American variety/talk TV series

Playboy's Penthouse is an American variety/talk television show hosted by Playboy founder and then-editor/publisher Hugh Hefner. It was first broadcast on October 24, 1959, and ran in syndication for two seasons.

==Development==
The show was designed as a way to spread Playboy magazine's influence beyond the printed page and to help non-readers get to know Hefner.

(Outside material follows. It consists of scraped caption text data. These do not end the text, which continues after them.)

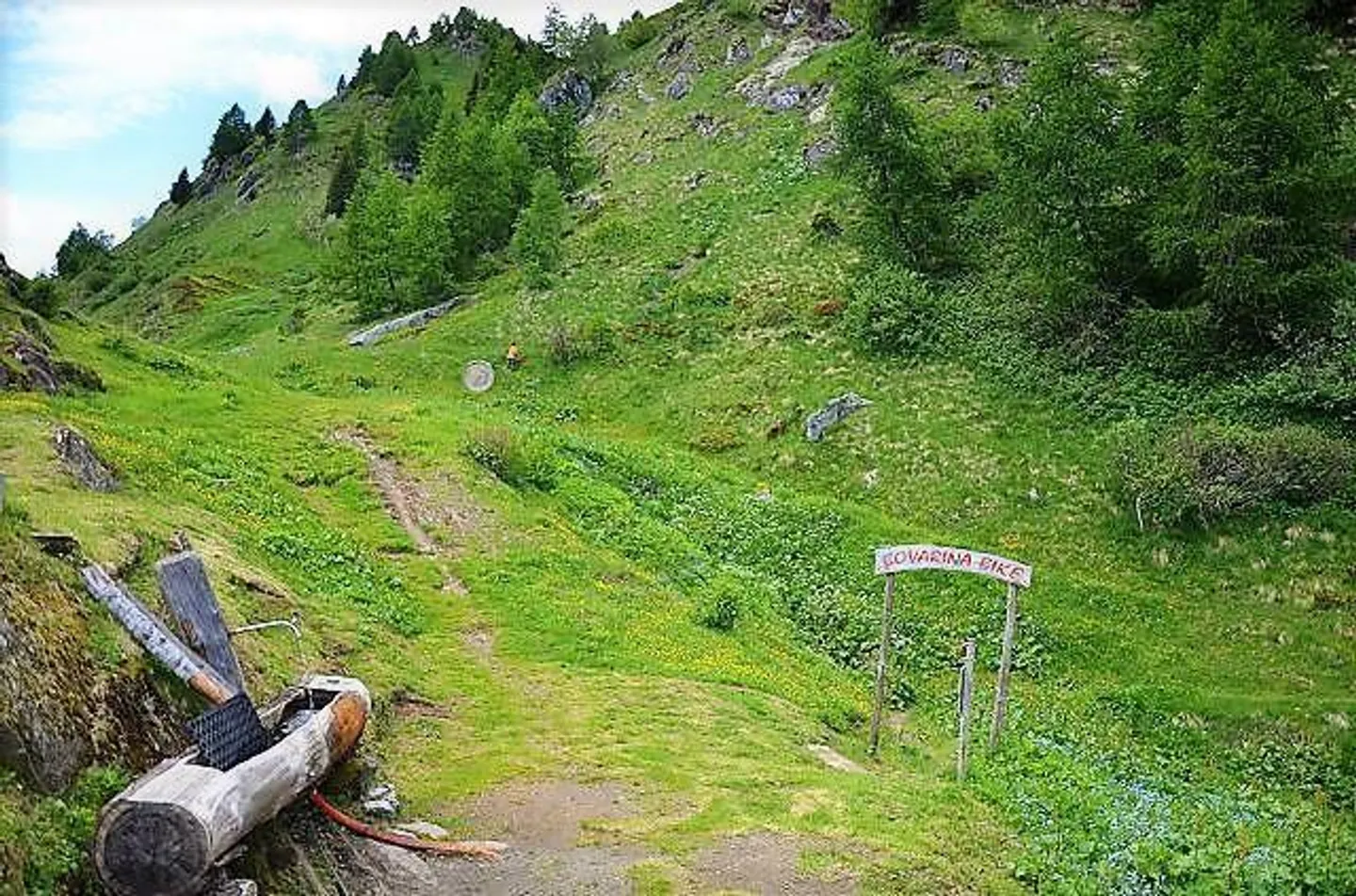 Schönes 3-stöckiges Rustico in sehr sonniger Lage mit Panoramablick... - Foto 25 von 30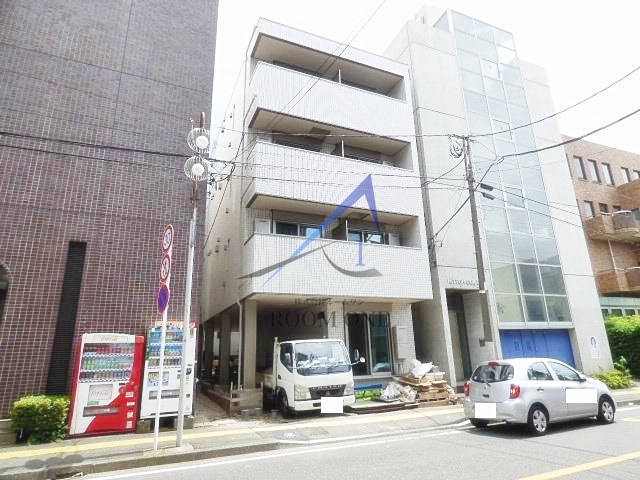 建物外観　外観です。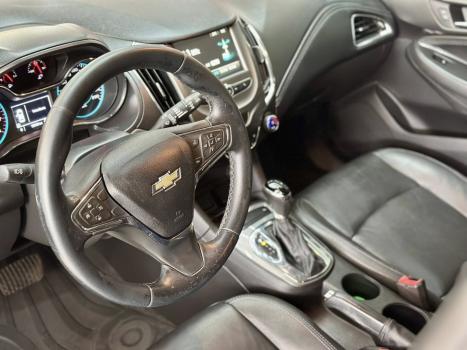 CHEVROLET Cruze Hatch 1.4 16V 4P LT SPORT6 TURBO FLEX AUTOMTICO, Foto 15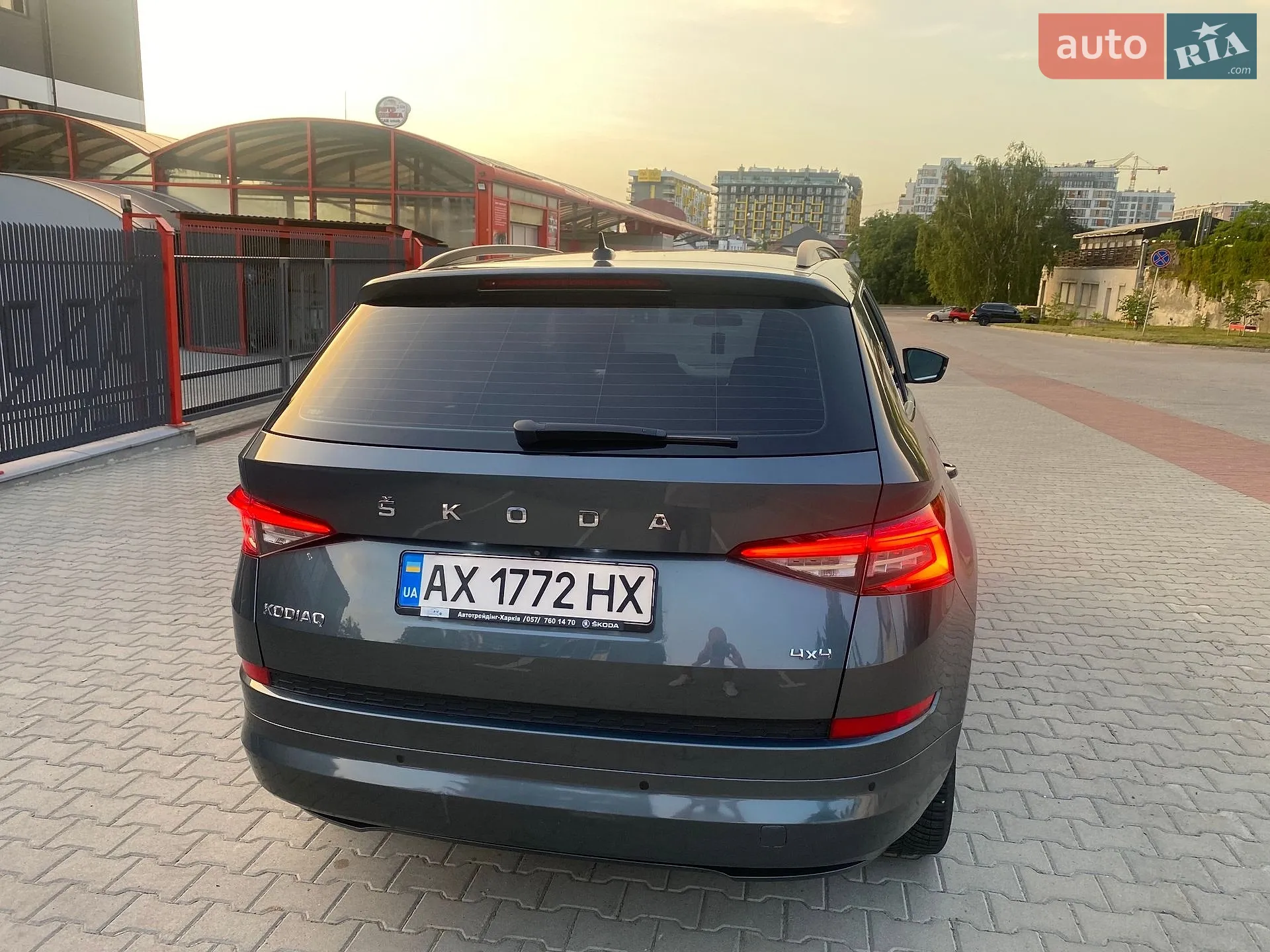 2019 Skoda Kodiaq - мініатюра 15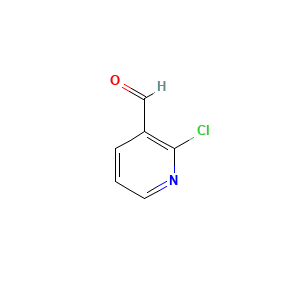 2-Chloro-3-pyridinecarboxaldehyde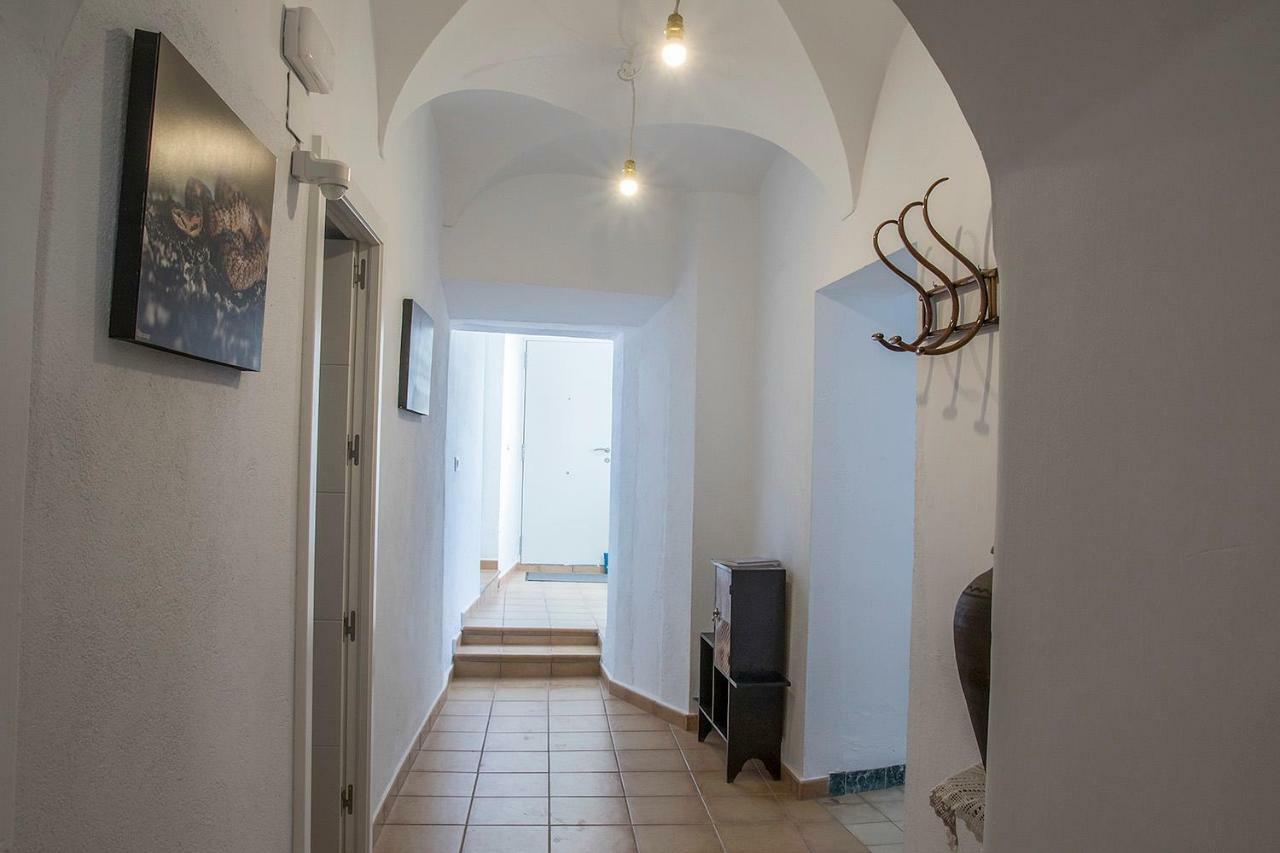 Casa Rural Julio Vegas Santiago Del Campo ภายนอก รูปภาพ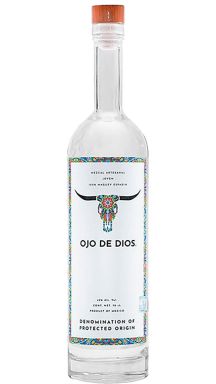 Logo for: Ojo de Dios Joven Mezcal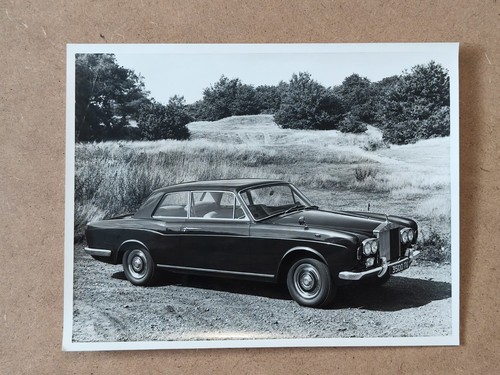 Original rolls royce silver - original,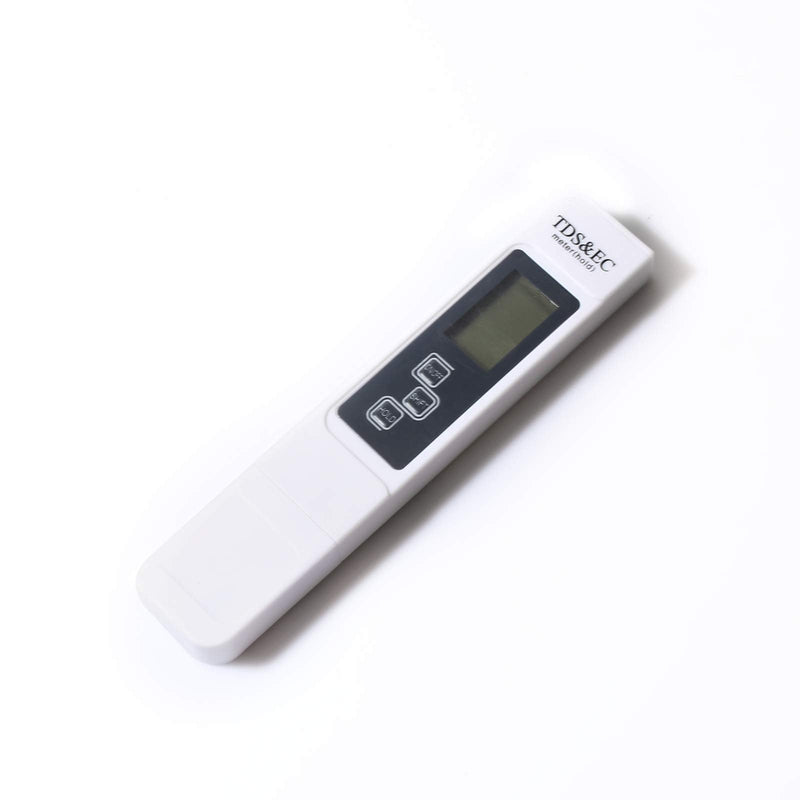 DEVMO 3in1 Digital LCD TDS EC Water Quality Meter Tester Filter Purity Pen Stick PPM Temperature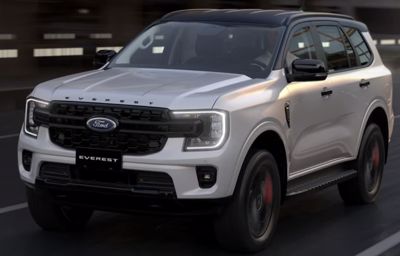 The new Ford Everest Sport Special Edition lands in the Philippines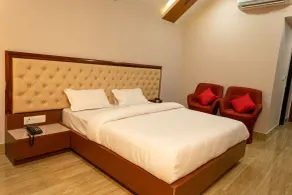 Riddhi Siddhi Resorts - Room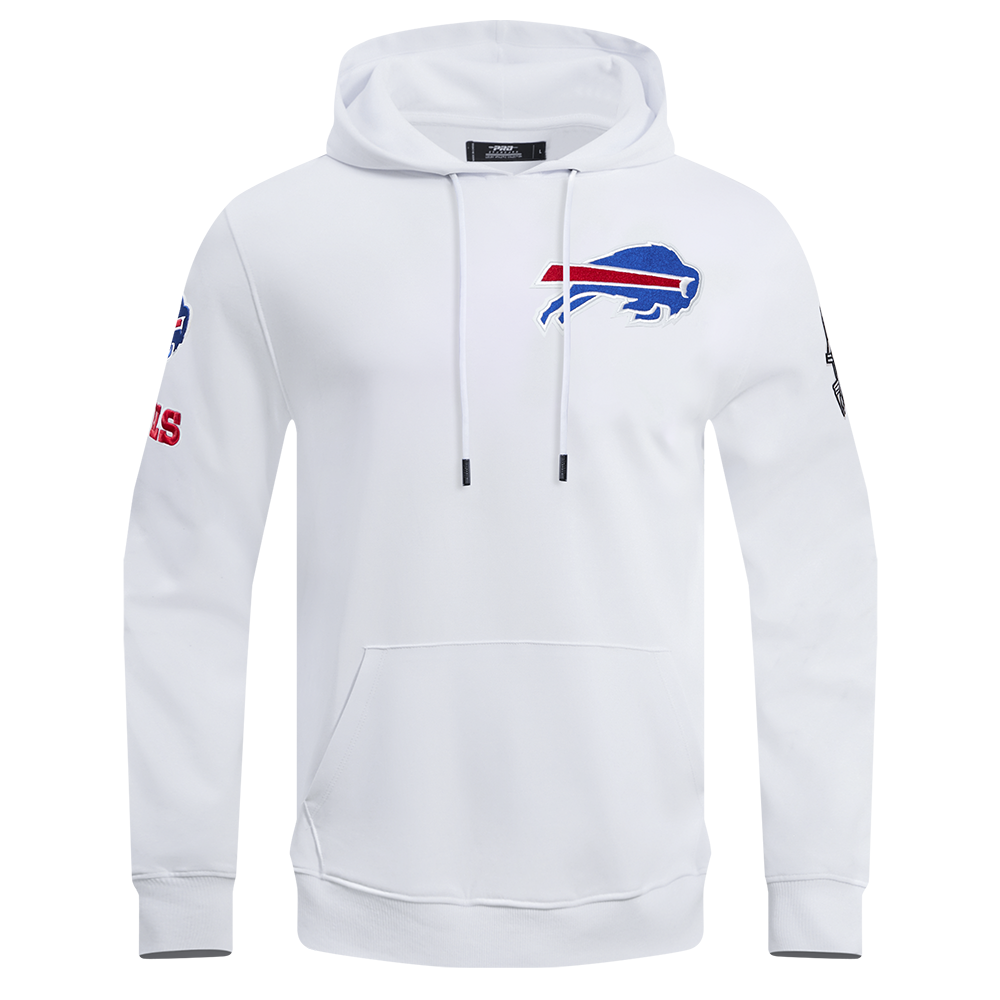 SUDADERA CON GORRO NFL BUFFALO BILLS CLASSIC CHENILLE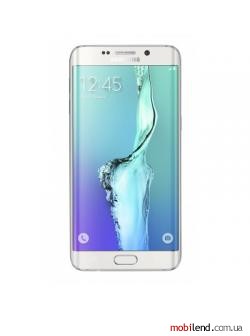 Samsung G928C Galaxy S6 edge 32GB (White Pearl)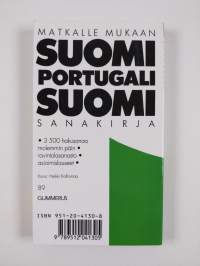 Suomi-portugali-suomi-sanakirja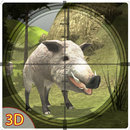 3D sanglier de chasseur APK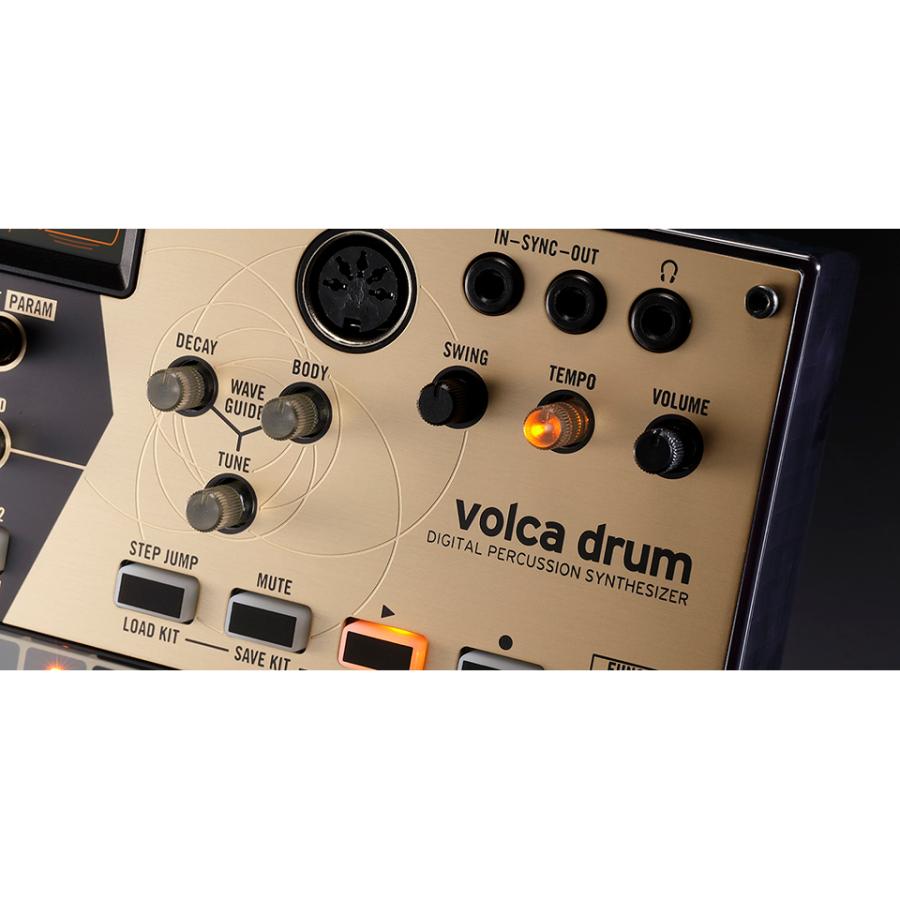 KORG/volca-drum : 宮地楽器Yahoo!店 - 通販 - Yahoo!ショッピング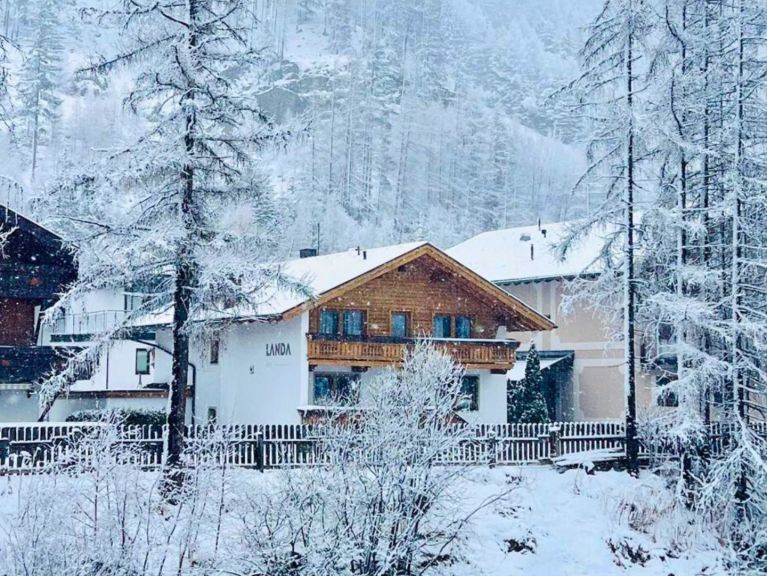 Chalet Landa inclusief catering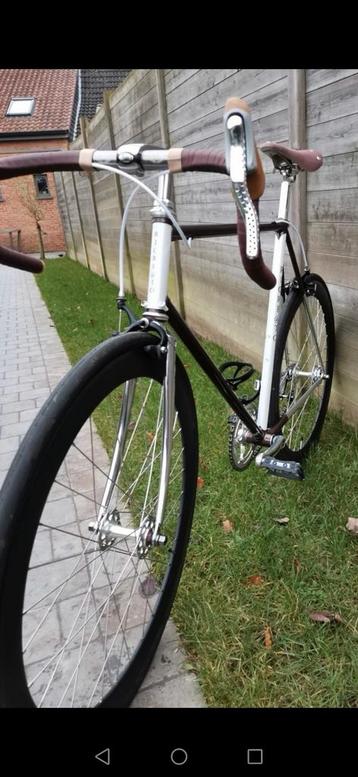 nieuwe single speed, Fietsen en Brommers, Ophalen, Zo goed als nieuw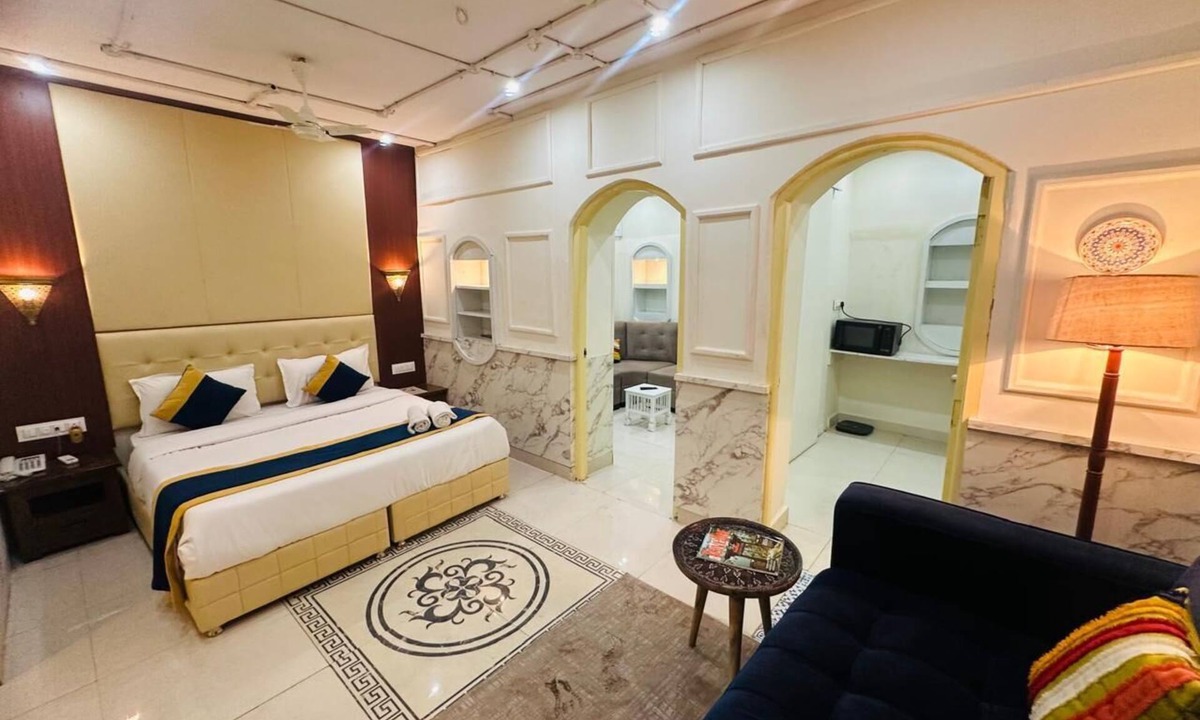 Gulab Sagar Hotel | Hinduja Haveli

The show, initially recorded at ABC's Chicago station WBKB, was set up as if it were a party at Hefner's own apartment, with many Playboy Playmates and bunnies in attendance. Celebrity guests would engage in conversation with Hefner and then perform, as well. The theme was written by Cy Coleman. The first season ran slightly more than one year with a second season starting on September 9, 1961, with Jack E. Leonard, Anita O'Day, Buddy Greco, and George Wein. After the second season's planned programs were completed, Sammy Davis Jr. was booked to play a Chicago nightclub and expressed a desire to appear on the show. Hefner was unable to book additional production time at the WBKB Studios on State Street, but was able to strike a deal with CBS's WBBM-TV to reconstruct the Playboy's Penthouse set at their McClurg Court studios and tape an additional five programs there in November and December 1960, the Davis guest appearance being the first segment taped. In Chicago, the WBBM-TV tapings were shown on WBKB as part of the continuous second season run.

==Legacy==
In 1969, Hefner launched a show in a very similar style, Playboy After Dark which was taped in Los Angeles. Episodes of Playboy's Penthouse were included in the DVD release of Playboy After Dark in 2006 and footage from the show was used on Hefner's non-scripted program, The Girls Next Door. The concept was revived in the late 1980s by Worldvision Enterprises as After Hours, but it did not last long.

The TBS television show American Dad! parodied the show in the Season 16 episode "Rabbit Ears".